WHAT IS NEEDED:
Retype nothing except the lines below from the one with "A Czech Glass" through the one with "WEILY Makeup Vanity", exactly, with images left out.

(Beginning of DATASET ENTRIES)

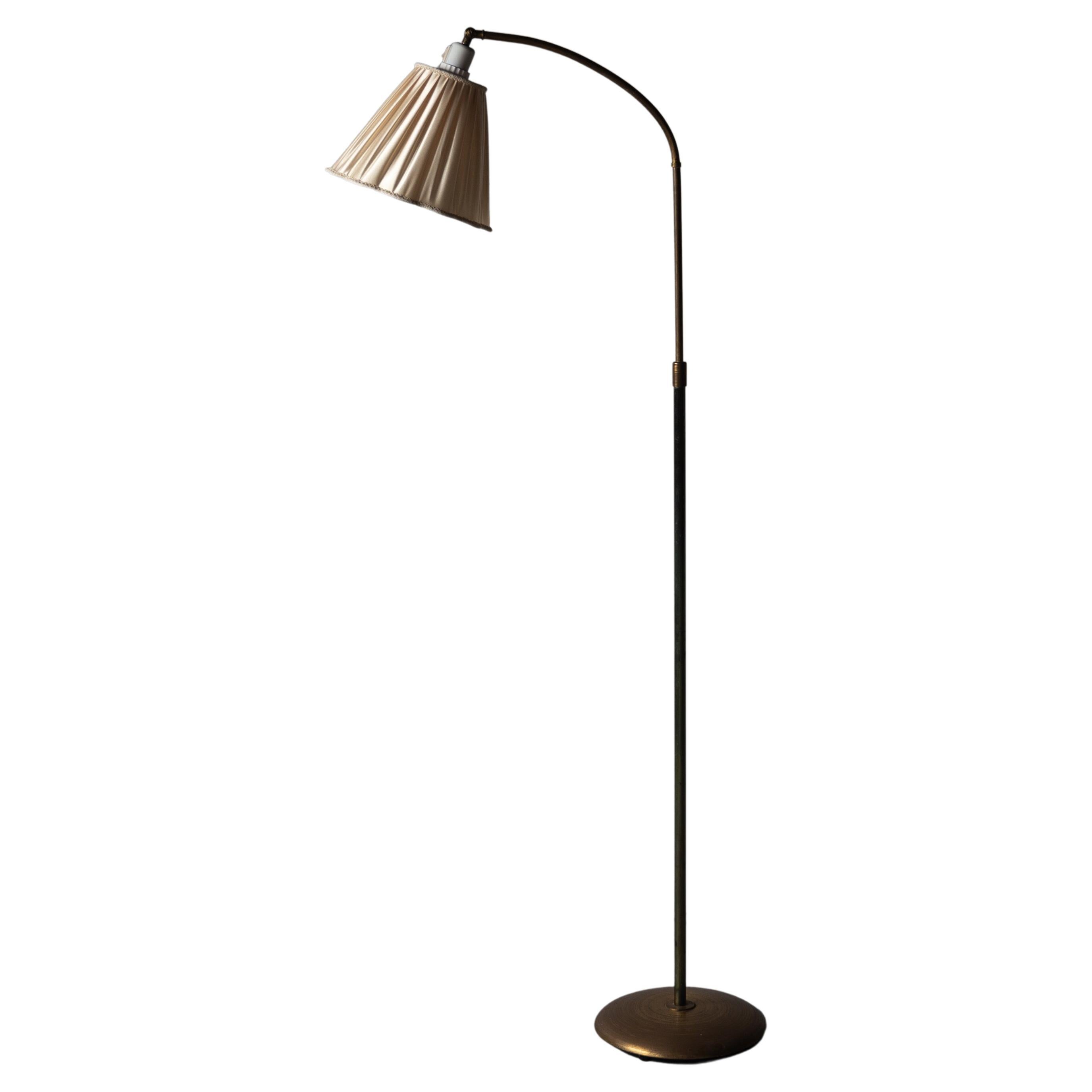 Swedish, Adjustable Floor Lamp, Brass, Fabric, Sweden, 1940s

(End of DATASET ENTRIES)
(Beginning of DATASET ENTRIES)

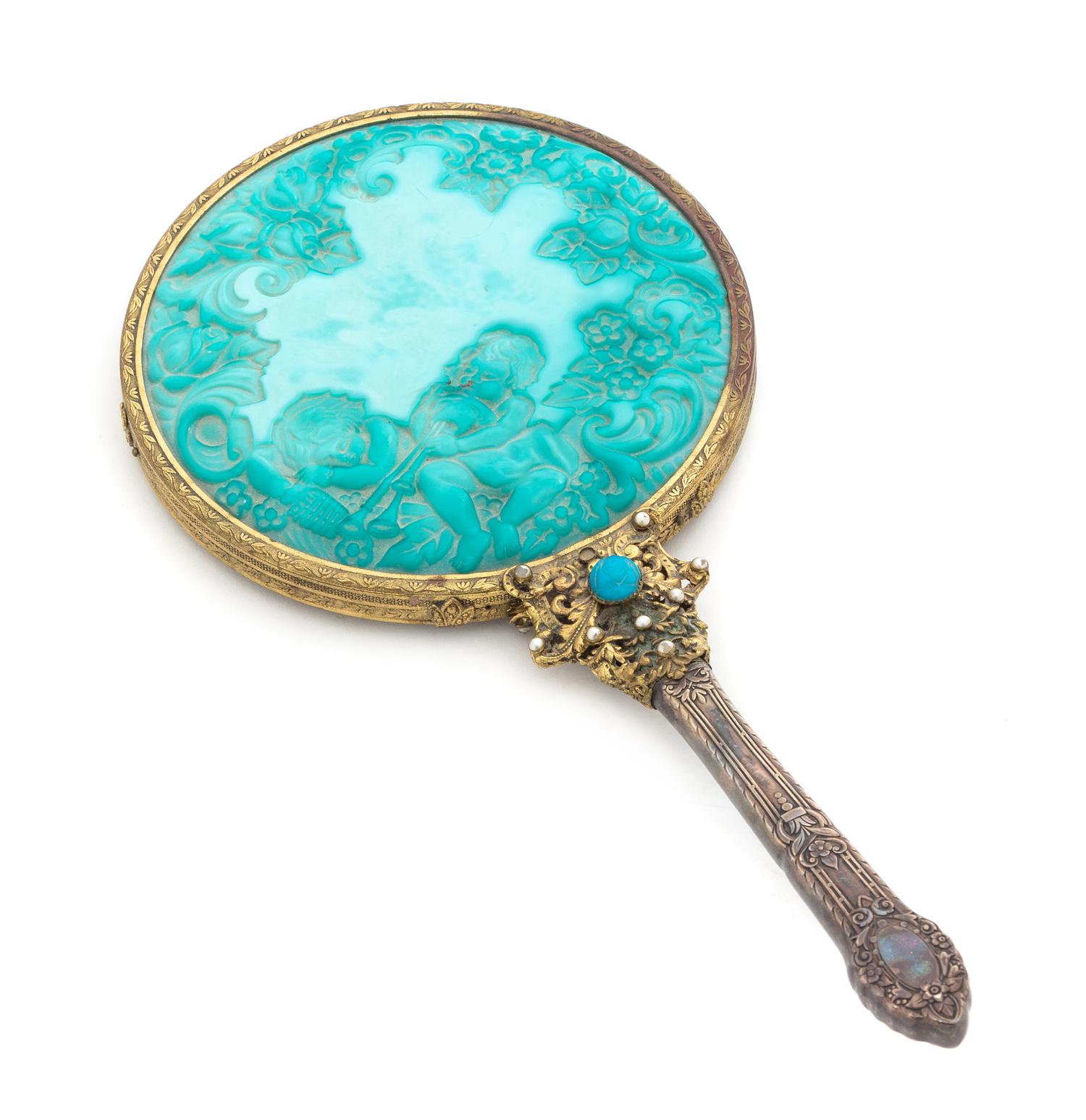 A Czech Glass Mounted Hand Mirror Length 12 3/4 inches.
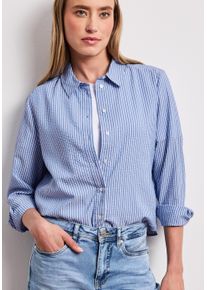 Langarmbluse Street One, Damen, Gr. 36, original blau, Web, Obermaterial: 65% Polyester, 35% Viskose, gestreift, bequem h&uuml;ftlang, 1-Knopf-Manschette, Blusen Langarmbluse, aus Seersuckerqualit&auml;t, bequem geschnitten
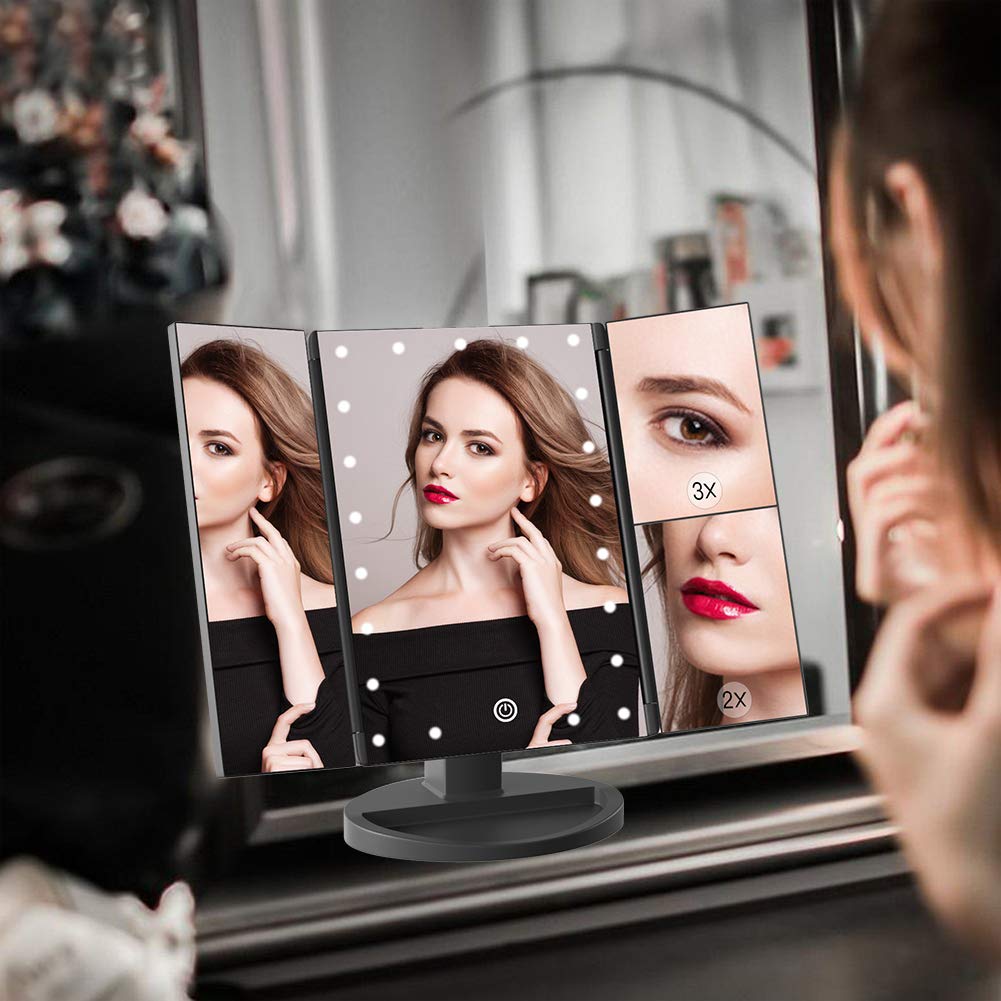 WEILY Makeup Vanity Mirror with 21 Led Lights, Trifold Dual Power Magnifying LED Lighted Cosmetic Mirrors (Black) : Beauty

(End of DATASET ENTRIES)
(Beginning of DATASET ENTRIES)

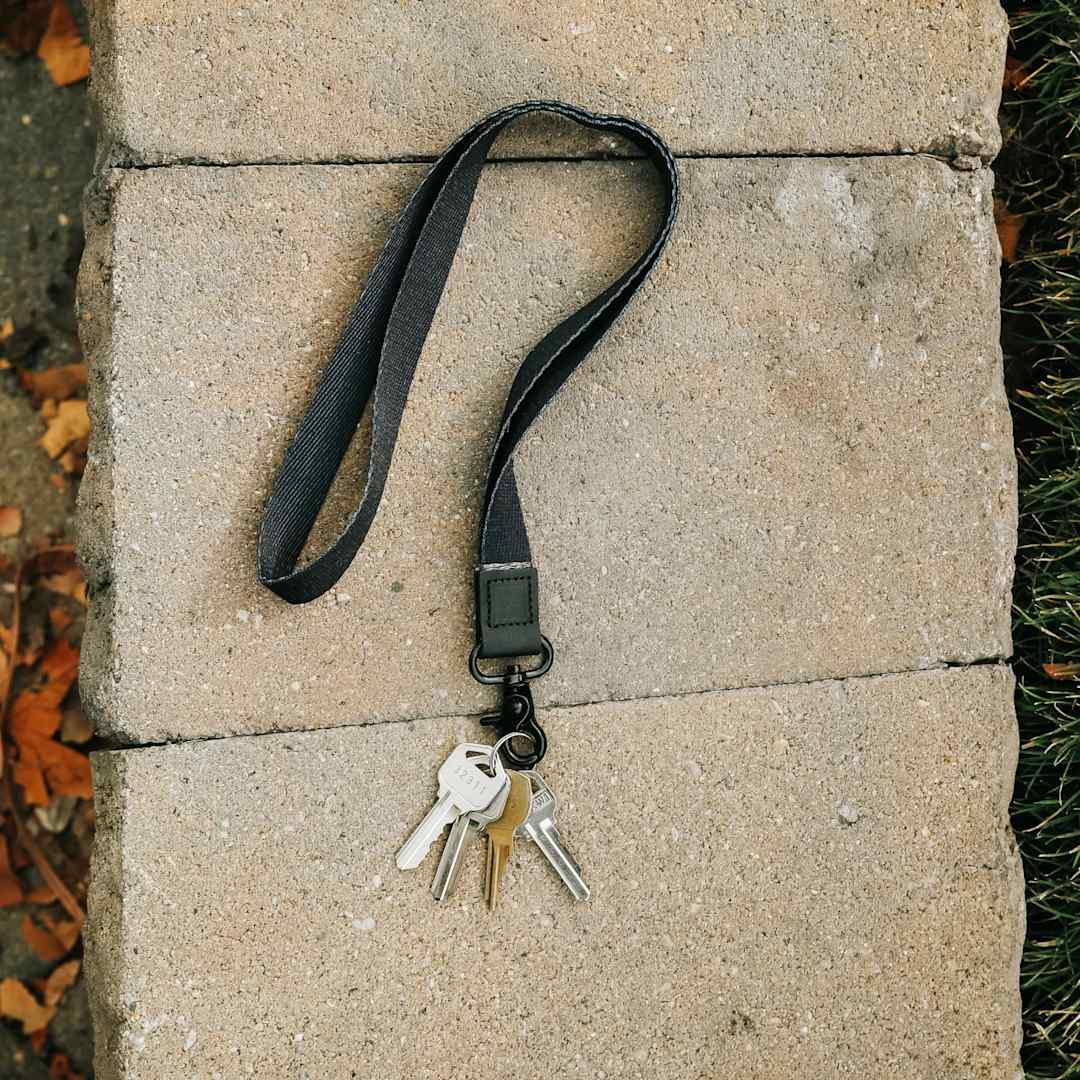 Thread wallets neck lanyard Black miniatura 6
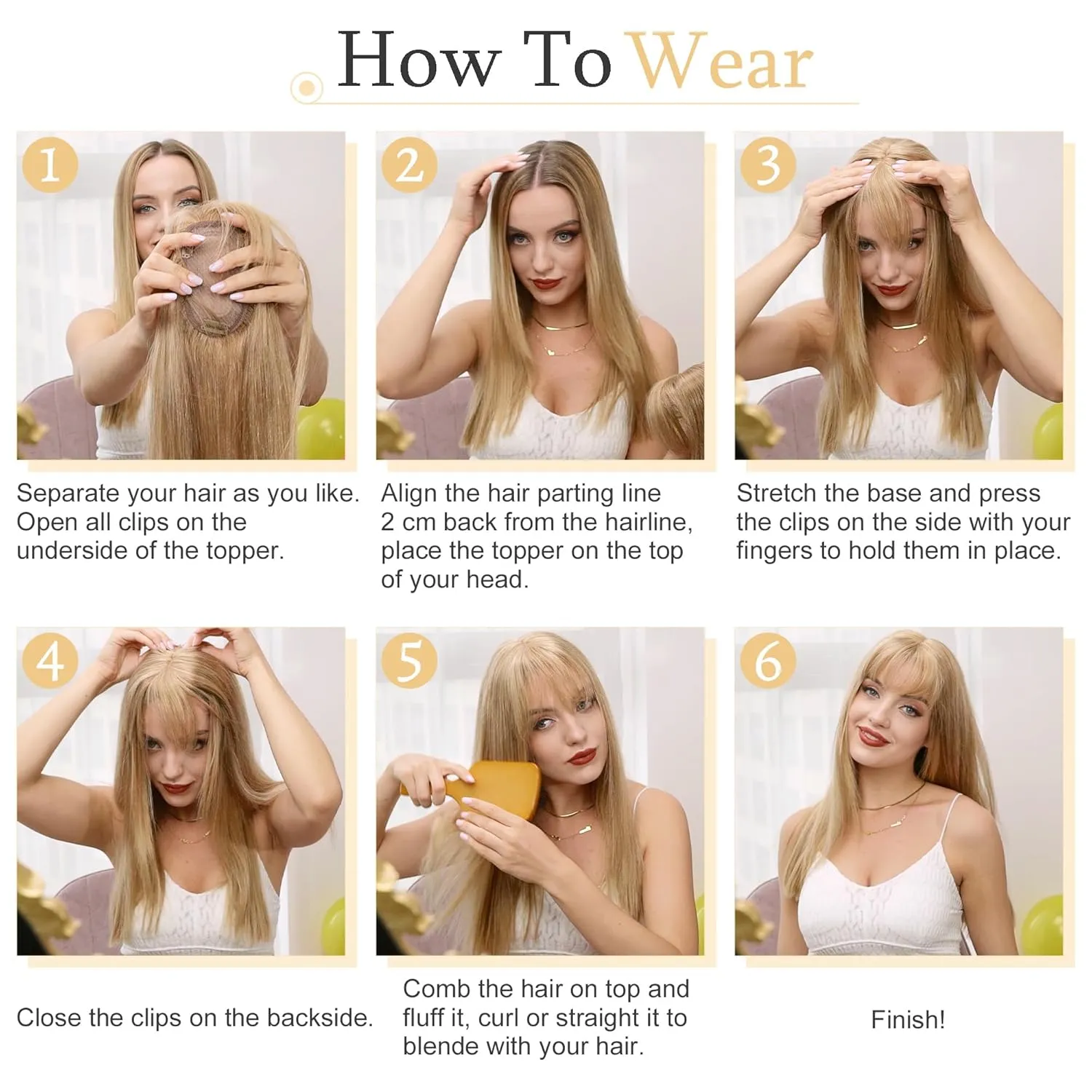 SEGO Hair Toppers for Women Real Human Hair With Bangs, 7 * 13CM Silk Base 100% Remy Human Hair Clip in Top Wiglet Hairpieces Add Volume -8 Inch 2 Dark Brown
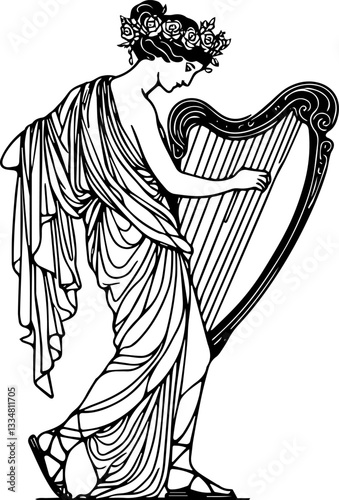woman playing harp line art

(End of DATASET ENTRIES)

SOLUTION FOR THIS PROBLEM:
 A Czech Glass Mounted Hand Mirror Length 12 3/4 inches.
 Langarmbluse Street One, Damen, Gr. 36, original blau, Web, Obermaterial: 65% Polyester, 35% Viskose, gestreift, bequem h&uuml;ftlang, 1-Knopf-Manschette, Blusen Langarmbluse, aus Seersuckerqualit&auml;t, bequem geschnitten
 WEILY Makeup Vanity Mirror with 21 Led Lights, Trifold Dual Power Magnifying LED Lighted Cosmetic Mirrors (Black) : Beauty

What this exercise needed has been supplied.